Pelatihan ini disusun untuk memberikan pemahaman komprehensif dan keterampilan praktis kepada para pelaku usaha dan profesional akuntansi dalam menyusun laporan keuangan syariah yang sesuai dengan standar akuntansi keuangan di Indonesia, khususnya PSAK Syariah dan SAK ETAP (Entitas Tanpa Akuntabilitas Publik). Akuntansi syariah memiliki karakteristik unik karena didasarkan pada akad-akad yang sesuai prinsip syariah seperti murabahah, mudharabah, musyarakah, ijarah, dan wakalah, yang tidak terdapat dalam sistem akuntansi konvensional. Oleh karena itu, pelaporan keuangan syariah bukan hanya bersifat teknis, tetapi juga mencerminkan nilai-nilai syariah yang harus disajikan secara jujur, adil, dan transparan. Selain itu, banyak entitas syariah berskala menengah yang masih mengacu pada SAK ETAP, sehingga penting untuk memahami harmonisasi penerapan keduanya dalam praktik keuangan sehari-hari.
Selama dua hari pelatihan ini, peserta akan dibekali pengetahuan mengenai prinsip dan konsep dasar PSAK Syariah, implementasi pencatatan transaksi syariah sesuai jenis akad, pengakuan dan pengukuran aset-liabilitas berbasis syariah, serta penyajian laporan keuangan yang relevan dengan standar pelaporan terbaru.

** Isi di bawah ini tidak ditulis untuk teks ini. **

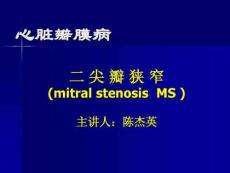 二尖瓣狭窄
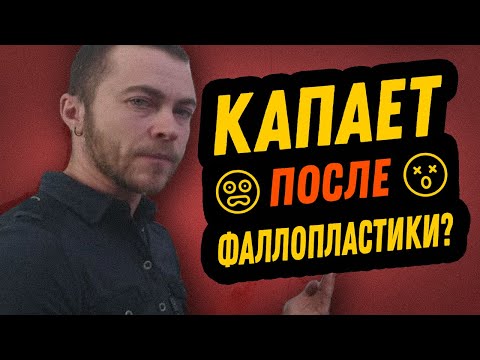 Видео: Подтекает ли после фаллопластики?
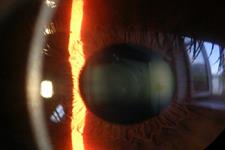 سلول های بنیادی بند ناف ممکن است بینایی از دست رفته در بیماری های قرنیه را بازگرداند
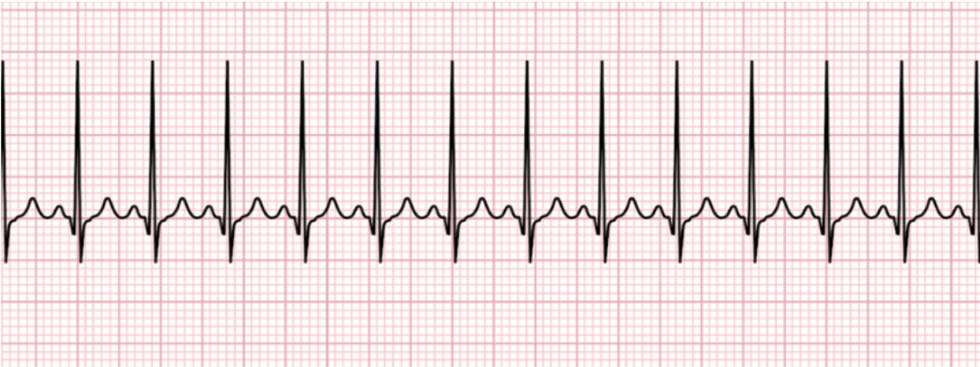 PALS 1 sinus tachycardia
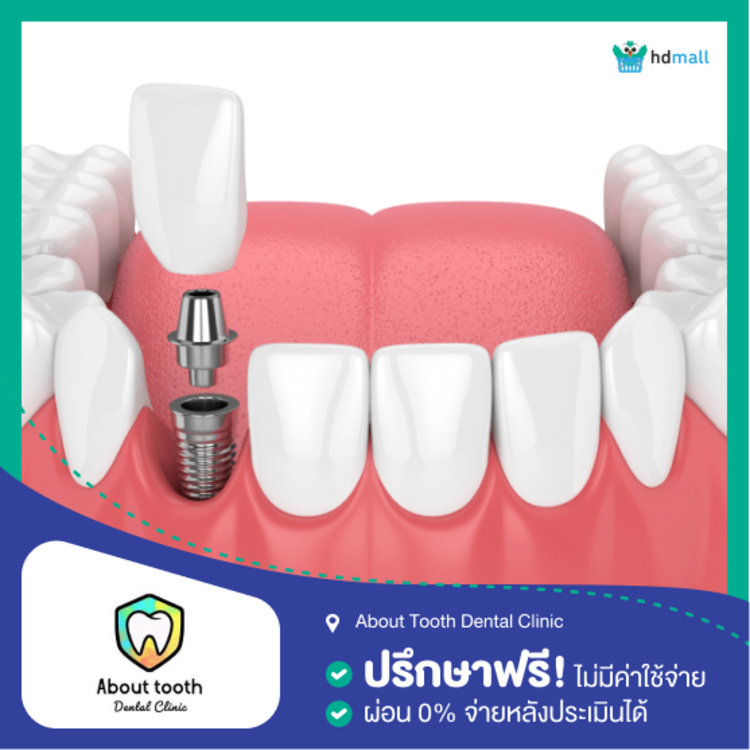 ทำรากฟันเทียมและครอบฟัน ที่ About Tooth Dental Clinic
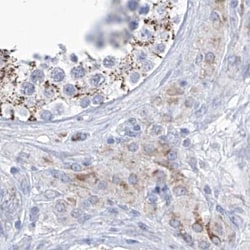 Invitrogen ALDH6A1 Polyclonal Antibody 100 &mu;L; Unconjugated:Antibodies,
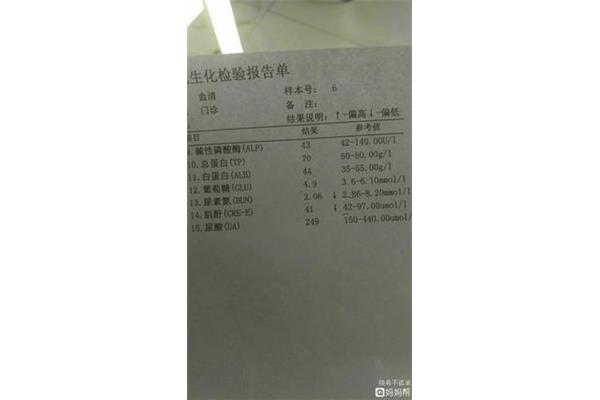 肌酐低怎么回事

Pelatihan juga akan membahas bagaimana SAK ETAP digunakan sebagai panduan alternatif yang lebih sederhana bagi entitas syariah nonpublik, serta bagaimana melakukan rekonsiliasi dan penyesuaian laporan agar sesuai dengan ketentuan regulator dan kebutuhan stakeholder. Melalui studi kasus dan simulasi penyusunan laporan posisi keuangan, laporan laba rugi, serta catatan atas laporan keuangan (CALK) syariah, peserta diharapkan mampu menerapkan akuntansi syariah secara akurat, patuh terhadap regulasi, dan mendukung transparansi dalam pengelolaan entitas berbasis syariah.
TUJUAN
- Memahami struktur dan prinsip utama dalam PSAK Syariah dan SAK ETAP.
- Melakukan pencatatan dan penyajian transaksi syariah berdasarkan jenis akad secara akuntabel.
- Menyusun laporan keuangan syariah sesuai ketentuan PSAK dan kebutuhan regulator.
- Mengidentifikasi perbedaan dan titik temu antara PSAK umum, PSAK Syariah, dan SAK ETAP.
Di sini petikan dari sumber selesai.